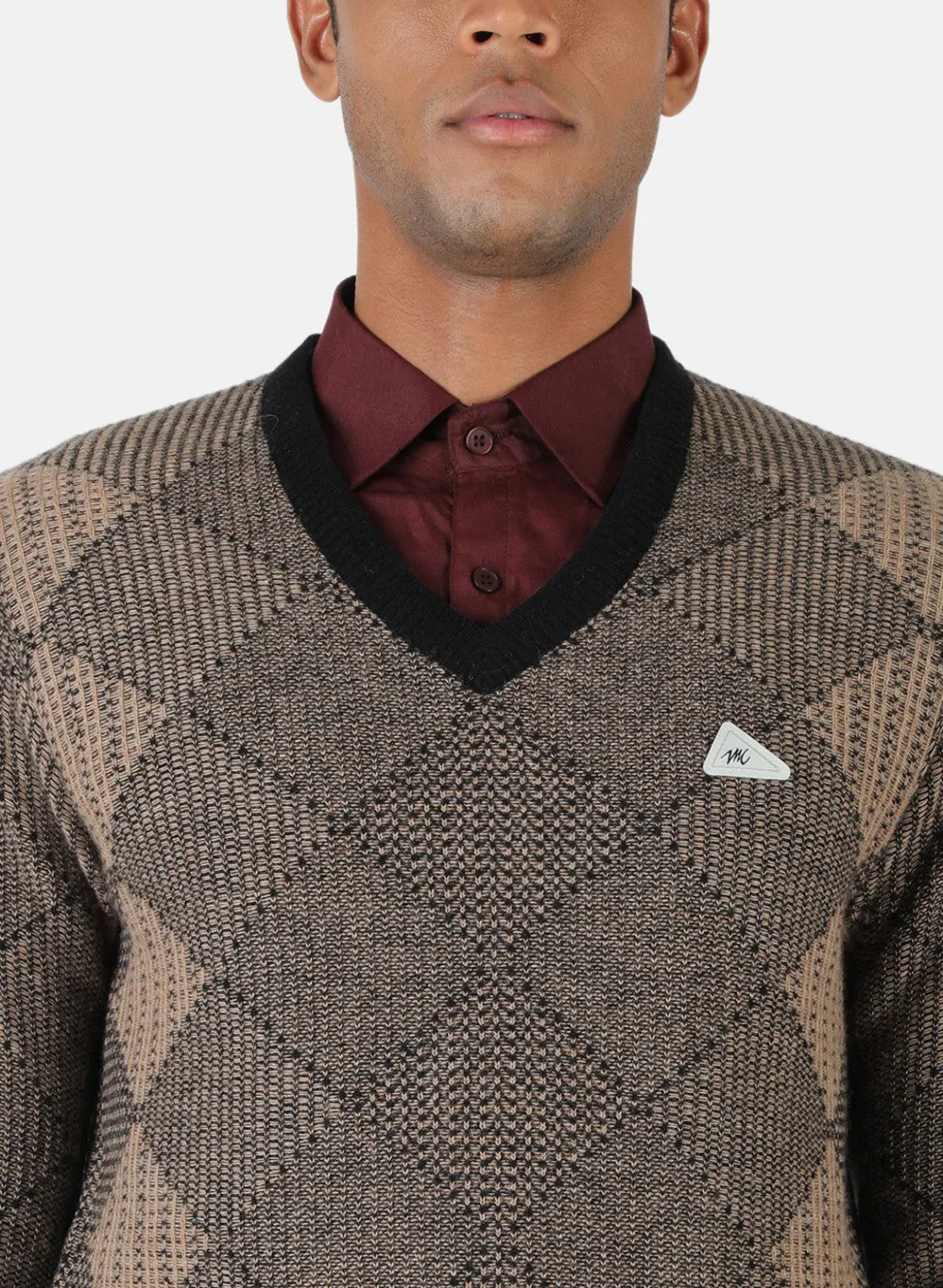 Men Brown & Black Solid Pullover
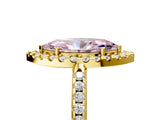 Yellow gold Fancy Pink Marquise Cut Diamond Pavé Halo Ring with Four-Prong Setting_41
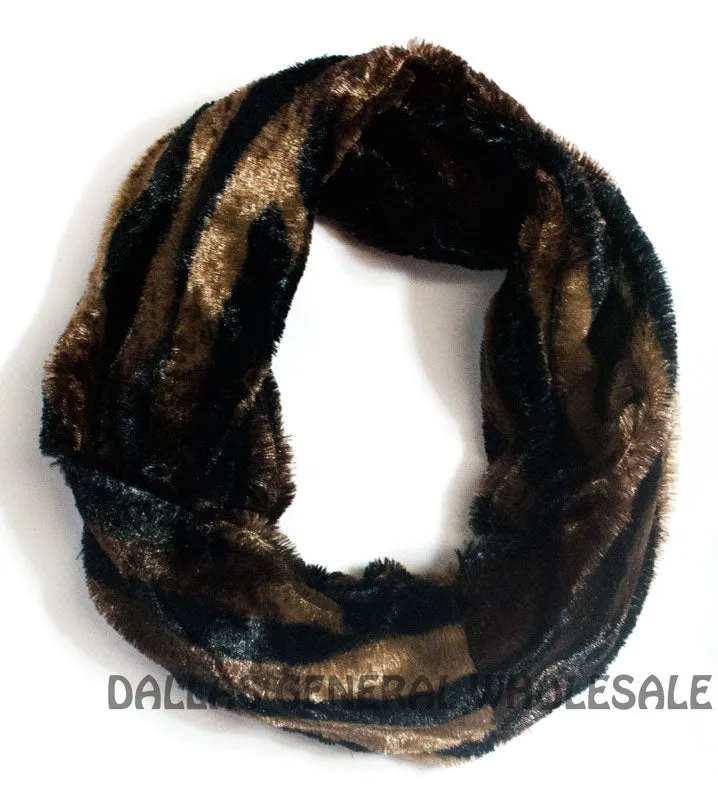 Safari Animal Printed Furry Infinity Circle Scarf Wholesale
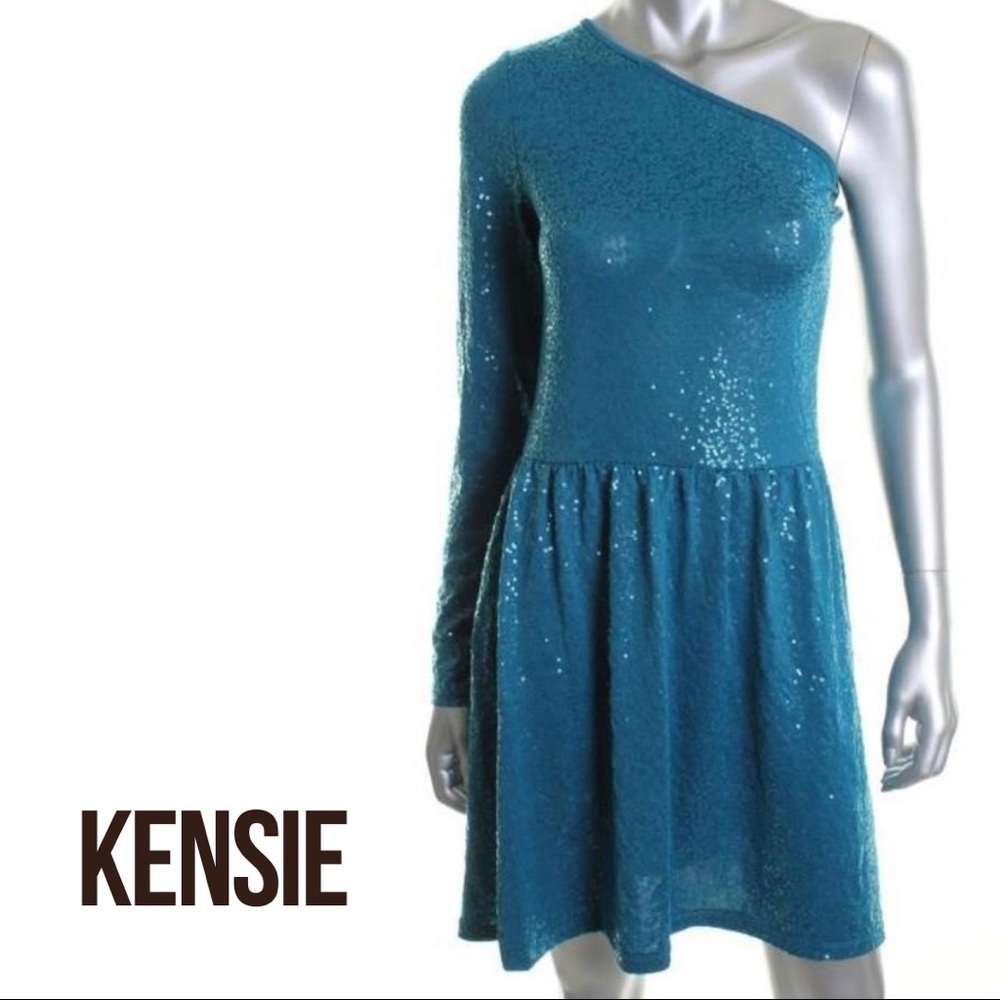 Kensie NEW Teal One Shoulder Cocktail Party Dance Performer Dress, Size Large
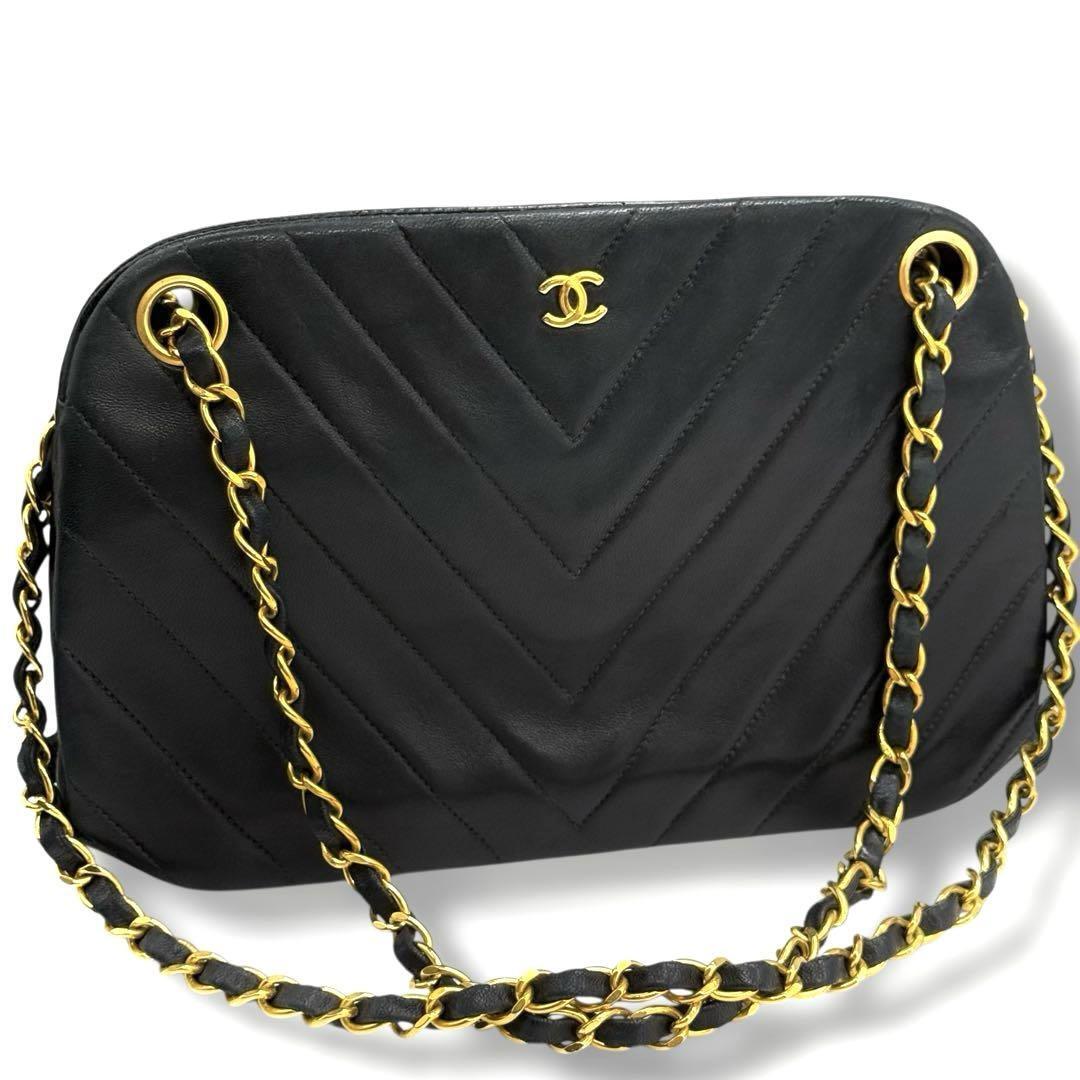 シャネル 2way チェーンショルダーバッグ がま口 シェブロン CHANEL Vステッチ トートバッグ ラムスキン ブラック 3992拍卖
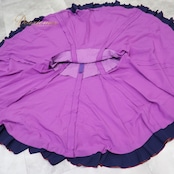 フラメンコ 衣装 ファルダ スカート パープル系 ネイビー系 アトリエ貴美恵 紫 紺 ボランテ フリル 柄 模様 ダンス パーティ 発表会 フラメンコダンス ステージ衣装 イベント用 コスチューム おしゃれ かわいい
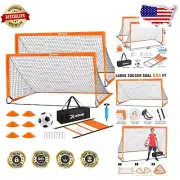 Portable 6x4 ft Kids Soccer Goals Set with Agility Ladder and Training Equipment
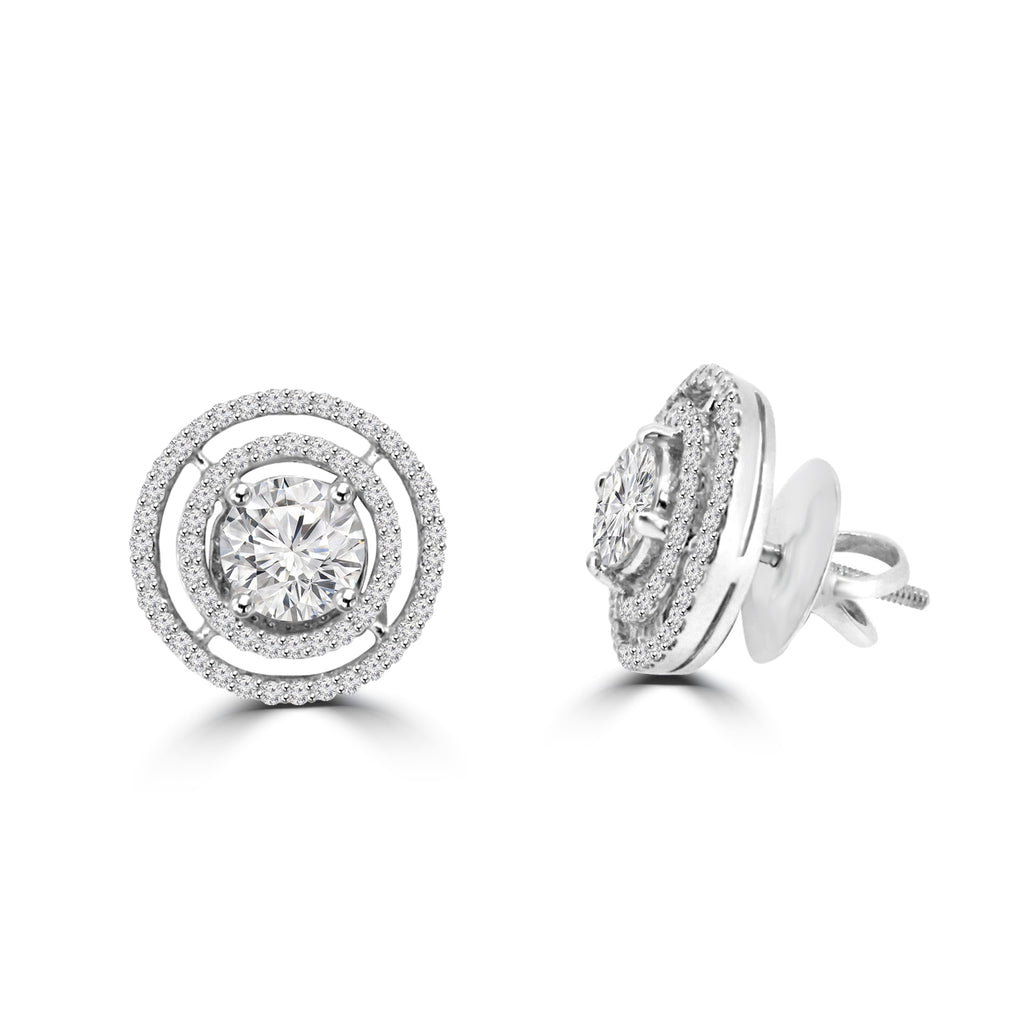 1.5ct Round Moissanite Halo Earrings for women by Cutiefy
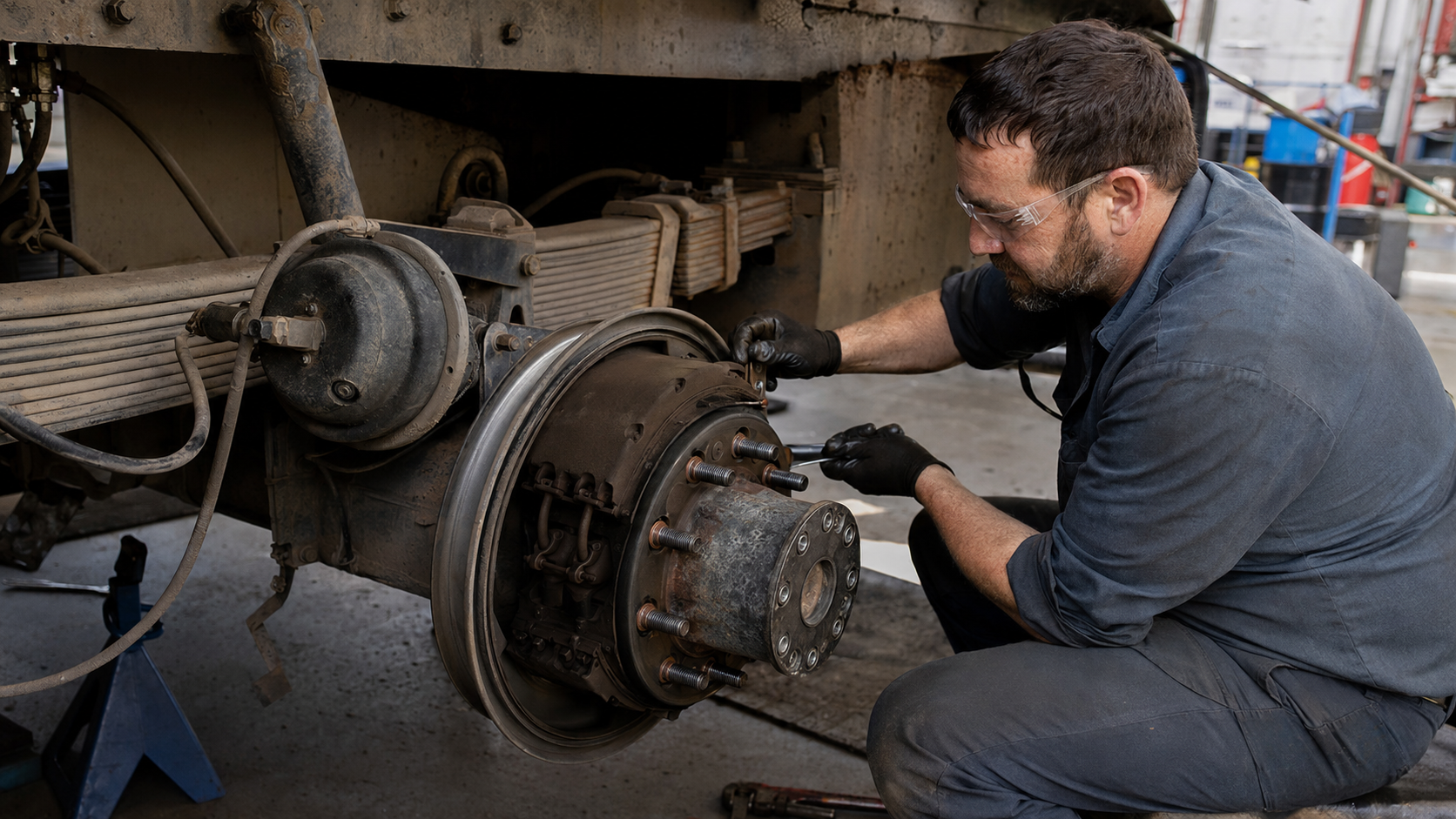 Heavy-duty mechanic servicing an exposed semi-truck air brake assembly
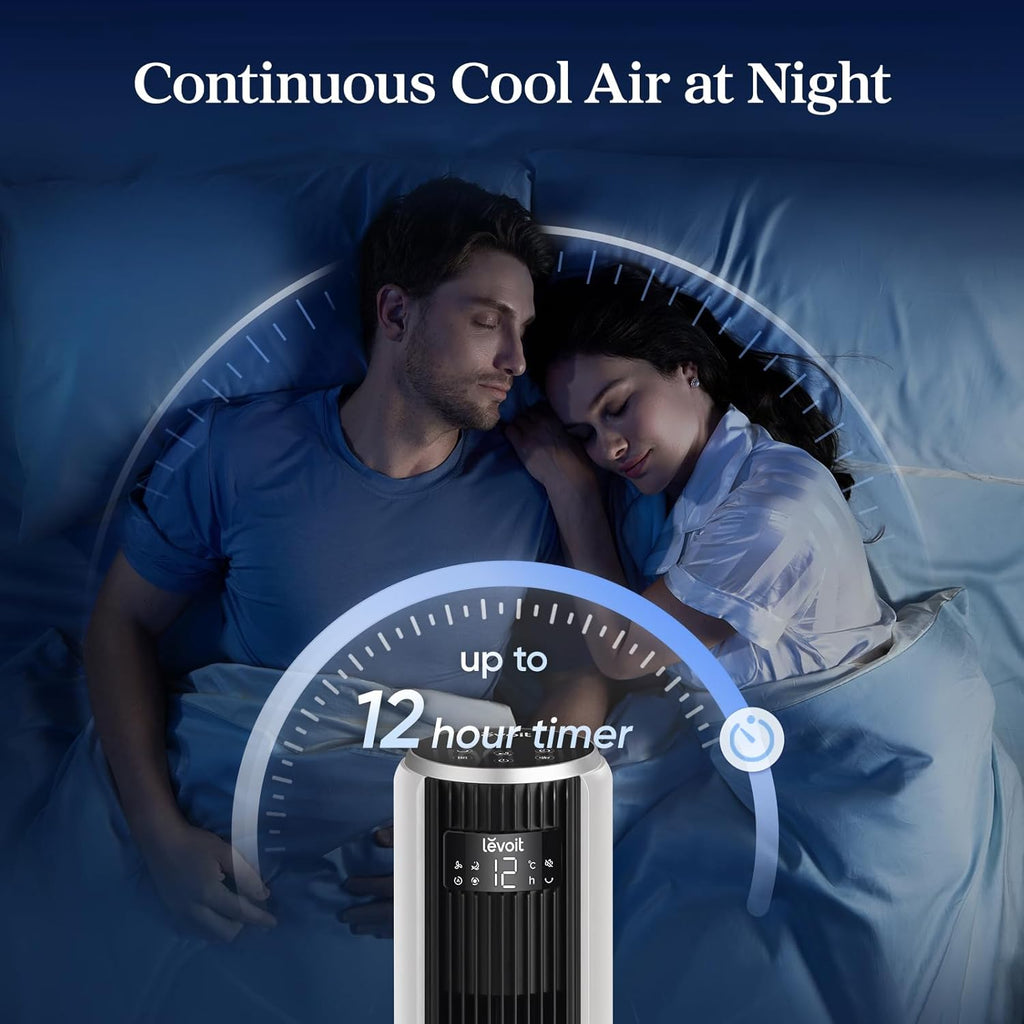Levoit 20dB Silent Tower Fan, Energy Saving Fan for Bedroom & Home, Powerful Cooling with DC Motor, 4 Modes 12 Speeds, Advanced Sleep Mode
========================================================================
### Work order
All the material above must be copied exactly, and no picture belongs in the copy.

### Response to the task
 Men Brown & Black Solid Pullover
 Yellow gold Fancy Pink Marquise Cut Diamond Pavé Halo Ring with Four-Prong Setting_41
 Safari Animal Printed Furry Infinity Circle Scarf Wholesale
 Kensie NEW Teal One Shoulder Cocktail Party Dance Performer Dress, Size Large
 シャネル 2way チェーンショルダーバッグ がま口 シェブロン CHANEL Vステッチ トートバッグ ラムスキン ブラック 3992拍卖
 フラメンコ 衣装 ファルダ スカート パープル系 ネイビー系 アトリエ貴美恵 紫 紺 ボランテ フリル 柄 模様 ダンス パーティ 発表会 フラメンコダンス ステージ衣装 イベント用 コスチューム おしゃれ かわいい
 Portable 6x4 ft Kids Soccer Goals Set with Agility Ladder and Training Equipment
 1.5ct Round Moissanite Halo Earrings for women by Cutiefy
 Heavy-duty mechanic servicing an exposed semi-truck air brake assembly
Levoit 20dB Silent Tower Fan, Energy Saving Fan for Bedroom & Home, Powerful Cooling with DC Motor, 4 Modes 12 Speeds, Advanced Sleep Mode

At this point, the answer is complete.